On March 15, 1990, plaintiffs filed a “taxpayer derivative action” on behalf of themselves, all other taxpayers similarly situated, and for the benefit of the County, against Kusper and the Bank for violations of the Deposit and Investment Acts. In their complaint, plaintiffs alleged that defendants Kusper and the Bank fraudulently deprived the County of interest on County funds by failing to deposit the proceeds obtained from the scavenger sales of real property into interest-bearing accounts. On June 15, 1990, plaintiffs sent a letter to the county board and the Cook County State’s Attorney (State’s Attorney) demanding that legal action be taken on behalf of the County to recover the interest from the public funds at issue. At that time, plaintiffs stated their belief that it would be futile to make the demand upon Kusper because of his position that he was not subject to the requirements of the Deposit and Investment Acts. In a letter dated July 5, 1990, the State’s Attorney, on behalf of the County, rejected plaintiffs’ demand.

Plaintiffs filed their amended complaint on July 9, 1990. On December 6, 1990, the trial court granted the Bank’s and the County’s separate motions to dismiss plaintiffs’ amended complaint without prejudice, pursuant to section 2 — 615(a) of the Code of Civil Procedure (111. Rev. Stat. 1989, ch. 110, par. 2 — 615(a)). At that time, the trial court also denied Kusper’s motion to dismiss plaintiffs’ amended complaint. In addition, the trial court instructed plaintiffs to include Orr as a defendant, as he had recently succeeded Kusper in the office of County Clerk. Plaintiffs filed their second amended complaint on December 20, 1990, including Orr as a defendant and naming the County as a nominal defendant.

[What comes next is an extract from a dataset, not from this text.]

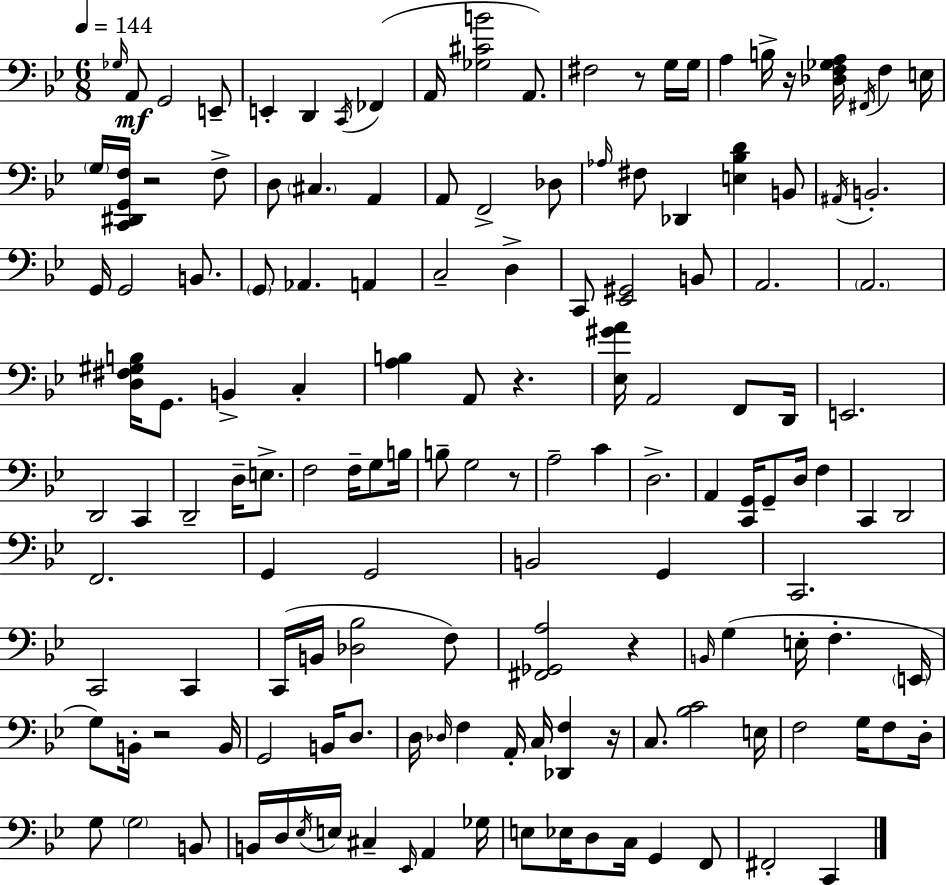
Gb3/s A2/e G2/h E2/e E2/q D2/q C2/s FES2/q A2/s [Gb3,C#4,B4]/h A2/e. F#3/h R/e G3/s G3/s A3/q B3/s R/s [Db3,F3,Gb3,A3]/s F#2/s F3/q E3/s G3/s [C2,D#2,G2,F3]/s R/h F3/e D3/e C#3/q. A2/q A2/e F2/h Db3/e Ab3/s F#3/e Db2/q [E3,Bb3,D4]/q B2/e A#2/s B2/h. G2/s G2/h B2/e. G2/e Ab2/q. A2/q C3/h D3/q C2/e [Eb2,G#2]/h B2/e A2/h. A2/h. [D3,F#3,G#3,B3]/s G2/e. B2/q C3/q [A3,B3]/q A2/e R/q. [Eb3,G#4,A4]/s A2/h F2/e D2/s E2/h. D2/h C2/q D2/h D3/s E3/e. F3/h F3/s G3/e B3/s B3/e G3/h R/e A3/h C4/q D3/h. A2/q [C2,G2]/s G2/e D3/s F3/q C2/q D2/h F2/h. G2/q G2/h B2/h G2/q C2/h. C2/h C2/q C2/s B2/s [Db3,Bb3]/h F3/e [F#2,Gb2,A3]/h R/q B2/s G3/q E3/s F3/q. E2/s G3/e B2/s R/h B2/s G2/h B2/s D3/e. D3/s Db3/s F3/q A2/s C3/s [Db2,F3]/q R/s C3/e. [Bb3,C4]/h E3/s F3/h G3/s F3/e D3/s G3/e G3/h B2/e B2/s D3/s Eb3/s E3/s C#3/q Eb2/s A2/q Gb3/s E3/e Eb3/s D3/e C3/s G2/q F2/e F#2/h C2/q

Count I of plaintiffs’ second amended complaint, directed against both Kusper and Orr collectively as the “County Clerk,” alleged that as custodian of public funds, the County Clerk’s practice of investing the proceeds of the scavenger sales in non-interest-bearing accounts directly violated the deposit and investment requirements established in the Deposit and Investment Acts.

The Deposit Act provides in pertinent part:

“§1. Any treasurer or other custodian of public funds may deposit such funds in a savings and loan association or State or national bank in the State. When such deposits become collected funds and are not needed for immediate disbursement, they shall be invested within 2 working days at prevailing rates or better.” (111. Rev. Stat. 1989, ch. 102, par. 34.)

Section 2 of the Investment Act describes “Permitted Investments” as follows:

“To the extent a public agency has custody of funds not owned by it or another public agency and does not otherwise have authority to invest such funds, the public agency may invest such funds as if they were its own. Such funds must be released to the appropriate person at the earliest reasonable time, but in no case exceeding 31 days, after the private person becomes entitled to the receipt of them. All earnings accruing on any investments or deposits made pursuant to the provisions of this Act shall be credited to the public agency by or’ for which such investments or deposits were made, except as provided otherwise *** and except where by specific statutory provisions such earnings are directed to be credited to and paid to a particular fund.” (HI. Rev. Stat. 1989, ch. 85, par. 902.)

Plaintiffs alleged that the County Clerk’s failure to comply with the' Deposit and Investment Acts deprived the County and its taxpayers of the interest earnings required to accrue under the Acts, and sought an accounting and payment of the amount of interest the County would have received had the funds been invested in accordance with the statutes.

Count II of plaintiffs’ second amended complaint alleged that the County Clerk breached his fiduciary duty to the County and the taxpayers by failing to invest the public funds in accordance with the statutes. No count of plaintiffs’ second amended complaint is directed against the County, and the prayer for relief does not seek any relief from the County.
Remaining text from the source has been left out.